Education is the gateway to a better life. Complete access to education is the first step towards realising the dream of equal opportunity. Yet, access to education, by itself, is insufficient. What also matters is whether or not the education provided adequately caters to the needs of all who have access to it. It is an undeniable truth that not all children are the same. Some children have physical and/or learning disabilities which a traditional and typical education does not adequately cater for, nor does it facilitate the unlocking and realising of these children’s full potential. As a result, not only do these children miss out on better employment opportunities in the future, but we as a community also lose out by preventing these children from becoming individuals that can contribute to society to the best of their abilities. It is obvious now that the education our schools provide must be inclusive, to ensure that students with disabilities have the same opportunities as other students and that their diverse needs are met. Below are some principles that we believe will cater to a more inclusive education system in Malaysia.
Principle 1: Classroom Diversity Enriches and Strengthens Education
Anna Laktionova, a Lead Teacher and a Year 8 Coordinator from Keysborough College states that “every student is unique and every group of students is different.” This is a definite as learners have different experiences, cultures, beliefs, and values that they hold on to. Through diversity in schools, where children of different learning disabilities are put together amongst students who do not require assistance, opportunities are created for growth and better connection in personal, social, and academic achievement. Segregations according to gender, race, religion, and learning disabilities should be abolished during the tender years of a child. As teachers begin to apply this type of initiative, it automatically creates a welcoming and focused environment that would motivate all types of learners. Educators’ efforts and engagement for all their students without any exclusion factors make the education system an inclusive environment.
Principle 2: A Strength-Based and Personalised Curriculum
Strength-based approaches are a key principle of inclusive education. They recognise each student has inherent strengths and talents. These strengths and a student's specific needs should be placed at the centre of curriculum-planning and implementation. This optimizes opportunities for both teachers and student learning.
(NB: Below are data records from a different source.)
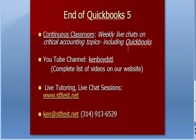Continuous classroom for weekly live chats on critical accounting topics, including QuickBooks. You'll find sessions coming up online. Our YouTube channel is Ken Boyd STL for a complete list of videos on our website. You'll see a link to YouTube on our website with all the videos listed in order by topic. For one-on-one live tutoring chat sessions, both individual and small group, stltest.net is our website. Here's our email and phone number. Thanks very much. We'll see you next time.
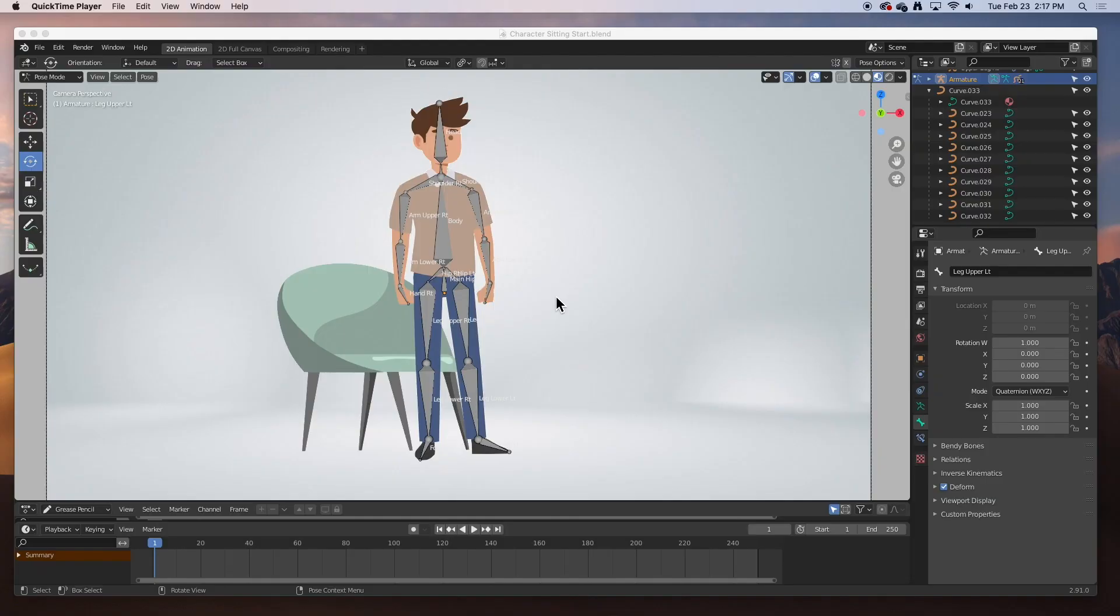Hey guys, welcome back. Today we're going to animate this character that we've rigged in the previous video. We're just going to do something very simple - make him sit down on this chair.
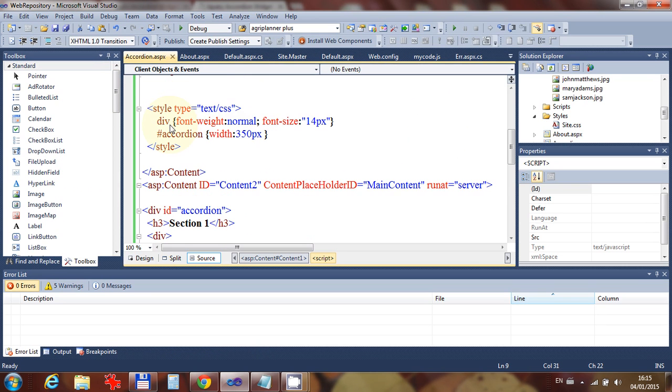Over here, I've simply said, for the div, the font weight is normal. The font size is 14 pixels. And for the accordion, now this here is a selector. So I'm using an ID selector, and there's my ID. Over there, I'm using a type selector, and the type happens to be a div.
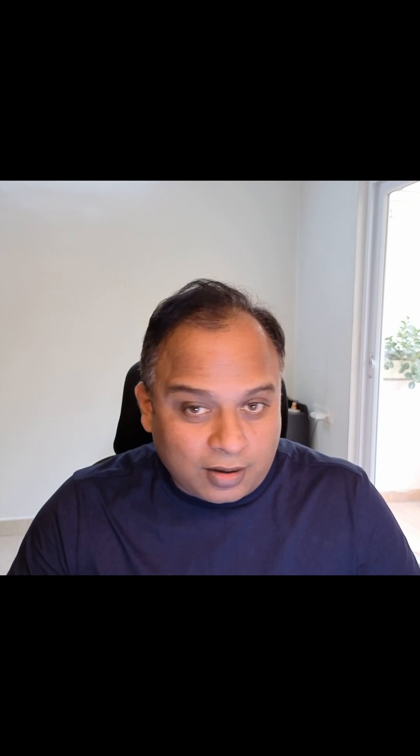Once the image is generated, we get four prompts and one of the prompts will be correct and the rest of the prompts are not.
A strength-based and personalized curriculum improves student engagement, motivation, and academic outcomes for all students. This approach celebrates diversity and difference and facilitates opportunities for personalised learning.
Principle 3: Student Engagement and Voice
Seeking the perspectives of students ensures they make a meaningful contribution to their schooling and educational experience. The ability to have a voice influences students’ participation. Christine Grove, Lecturer and Educational and Developmental Psychologist from Monash University believes that “student roles are often consultative, rather than active, even when matters directly affect them. The key to listening well is to have a belief in students’ capabilities, and to develop relationships of trust and respect.” It’s not one-sided: students need to trust their teacher too. Therefore, when students are given a platform to share their voice, schools gain insider knowledge and better understand the student experience. To further authenticate this principle; teachers should facilitate multiple different ways for young people to be heard, regardless of their ability. Consider tools such as drawing, writing, talking, paintings, photographs, and videos to express themselves, and through these techniques, an educator will be able to gauge a learner’s expectations. Teachers should also not shy away from asking students to identify indicators of what an inclusive school looks like and measure the school against them.
Principle 4: Engaging with All Your Critical Stakeholders
Inclusive education occurs when students of all capabilities have the opportunity to grow and learn. This means providing each student and parents the access to accurate information on their learning through ongoing formative and summative assessments. Schools can also model positive behaviour and feedback, while still offering areas of improvement. For example, low reading confidence can be turned around by sharing positive stories of school successes where students have improved or progressed. Over time, this approach creates a positive community perception of the school and raises awareness about positive school culture.
Principle 5: Inclusive Teachers Need Commitment, Knowledge, and Practical Skills
Umesh Sharma, Professor of Inclusive Education and Educational Psychology from Monash University says that “Good teaching is good teaching for all, not just for some.” Teaching in inclusive classrooms requires teachers to have the 3Hs: the heart (commitment), the head (critical knowledge) and hands (practical strategies). It’s a must for educators to be fully committed to including all learners. They need to understand that inclusive practices benefit all students, regardless of the additional needs. On the other hand, inclusive education also benefits teachers, where strategies used to make classrooms more engaging, leads to improved professional satisfaction. Inclusion compels teachers to acquire critical knowledge and skills to teach students who differ in their abilities and their learning styles. It does not require teachers to become superhuman but it does require them to know about some of the most powerful evidence-based teaching strategies that engage learners across the board.
A teacher with heart, head, and hands (3Hs) will be a more effective educator for all learners, and not just for those who need additional support. We must not forget that a teacher with all 3Hs needs to be adequately supported by the school leadership team to use and sustain inclusive practices. It is pivotal to prepare educators to practise inclusive teaching by ensuring adequate teacher-training is provided. Education is a seed for the generation of tomorrow. Investing in educators ensures a brighter and better future for everyone regardless of differences.